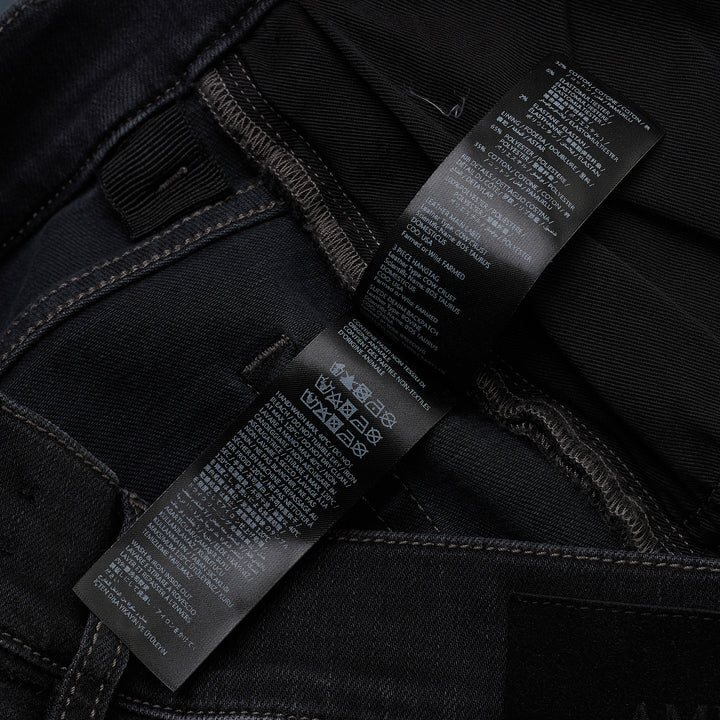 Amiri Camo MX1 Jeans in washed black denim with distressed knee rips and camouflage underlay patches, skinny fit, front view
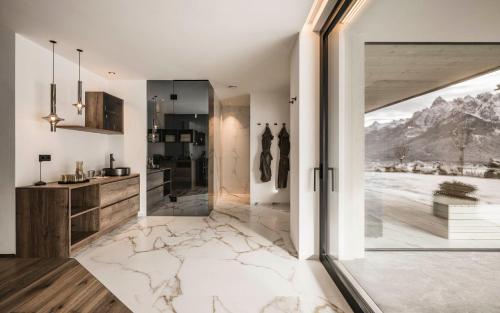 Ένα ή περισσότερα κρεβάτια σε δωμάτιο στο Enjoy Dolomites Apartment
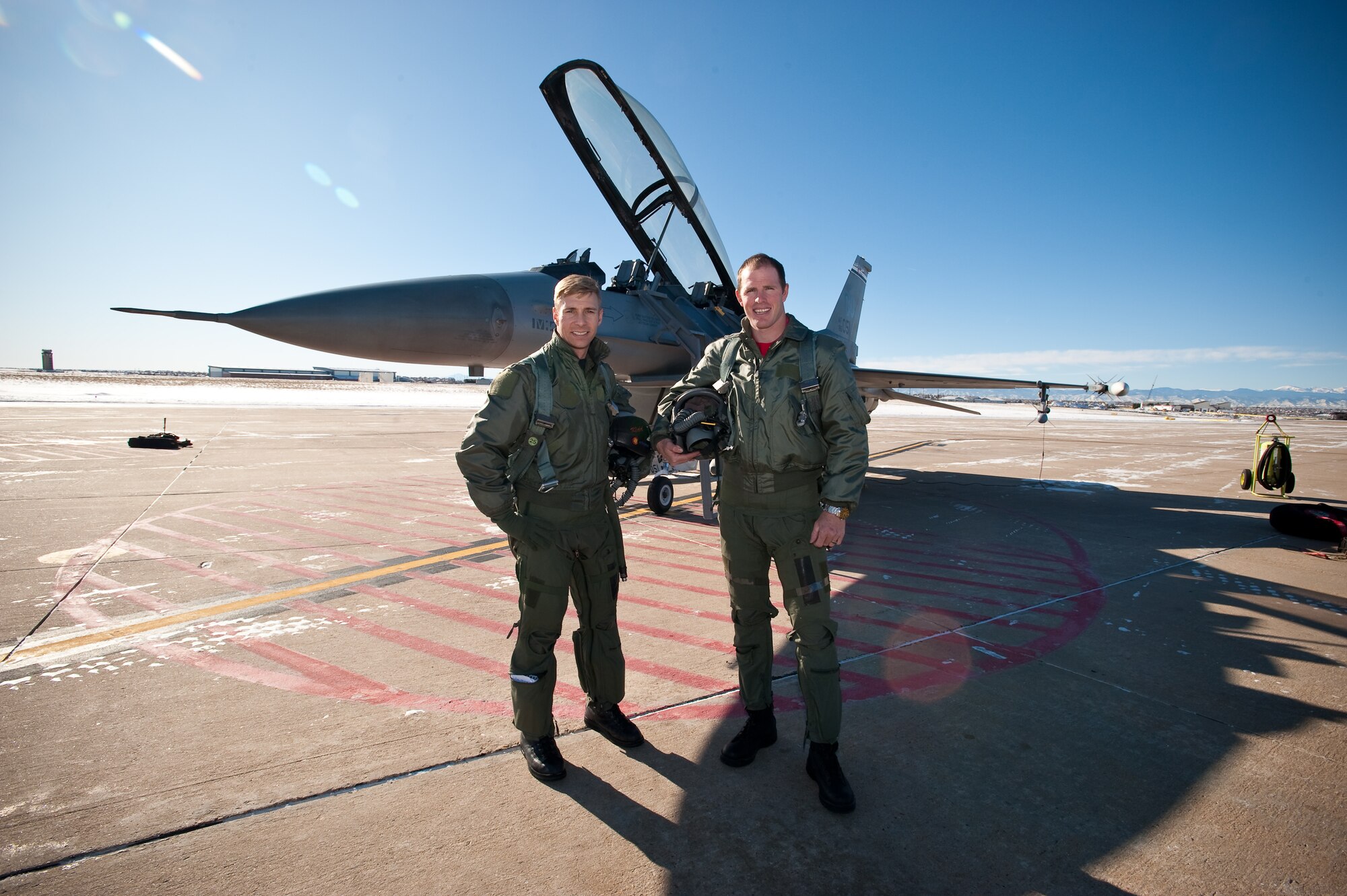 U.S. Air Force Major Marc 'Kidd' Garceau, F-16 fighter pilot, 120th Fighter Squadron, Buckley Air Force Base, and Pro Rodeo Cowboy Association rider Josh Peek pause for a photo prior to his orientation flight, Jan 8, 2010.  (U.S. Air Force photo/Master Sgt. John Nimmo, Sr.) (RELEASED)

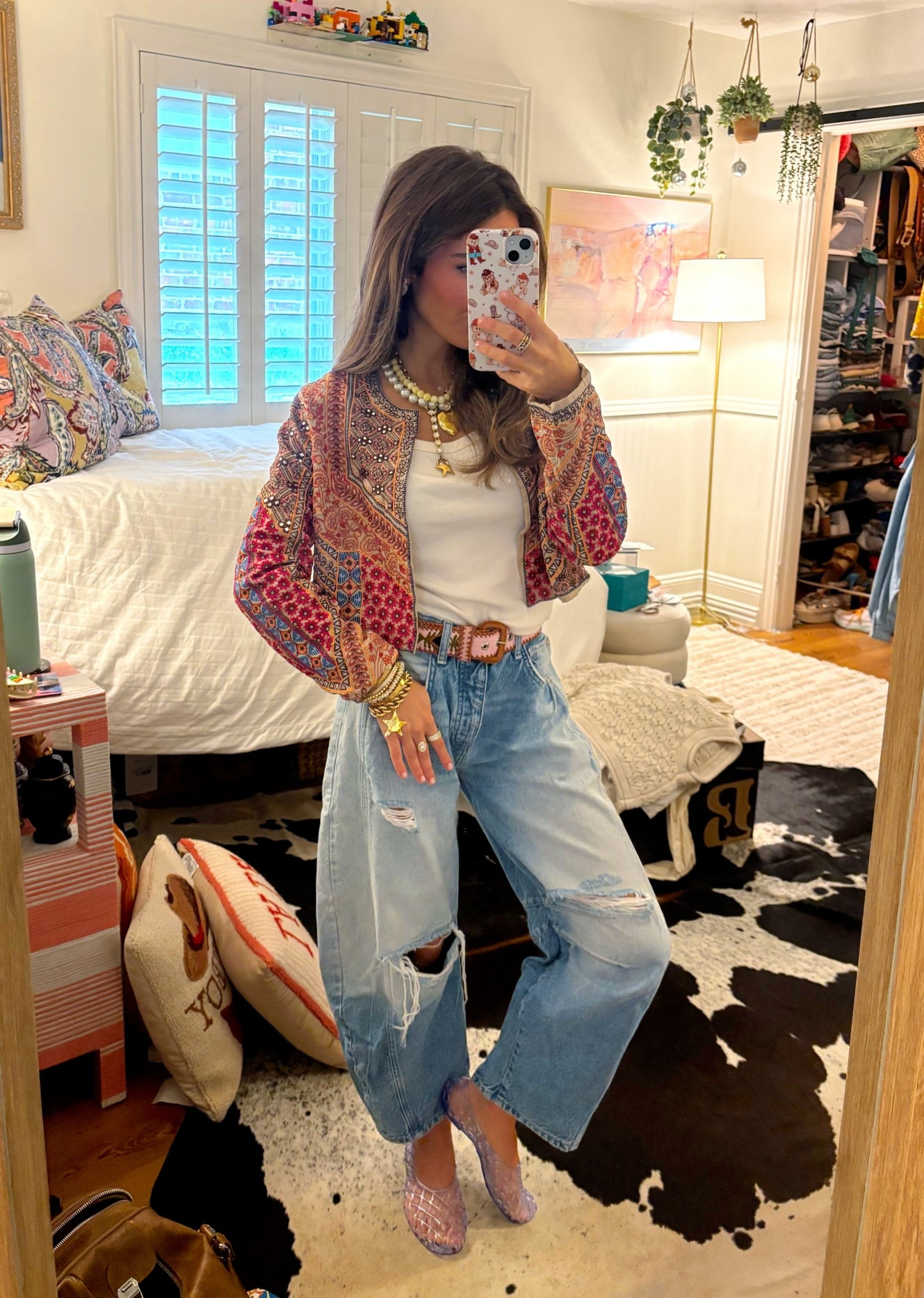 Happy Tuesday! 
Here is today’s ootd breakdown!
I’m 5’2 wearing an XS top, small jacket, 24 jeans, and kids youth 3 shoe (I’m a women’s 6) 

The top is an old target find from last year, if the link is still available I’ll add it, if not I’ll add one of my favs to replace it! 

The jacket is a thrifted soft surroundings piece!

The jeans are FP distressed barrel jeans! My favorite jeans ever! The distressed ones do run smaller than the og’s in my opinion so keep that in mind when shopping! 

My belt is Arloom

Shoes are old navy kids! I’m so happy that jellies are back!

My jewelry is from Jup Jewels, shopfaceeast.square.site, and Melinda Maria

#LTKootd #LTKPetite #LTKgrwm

************

*What you will do*.
How many lines of the listing contain the word "that"? Reply with only the number.

*Result below*.
2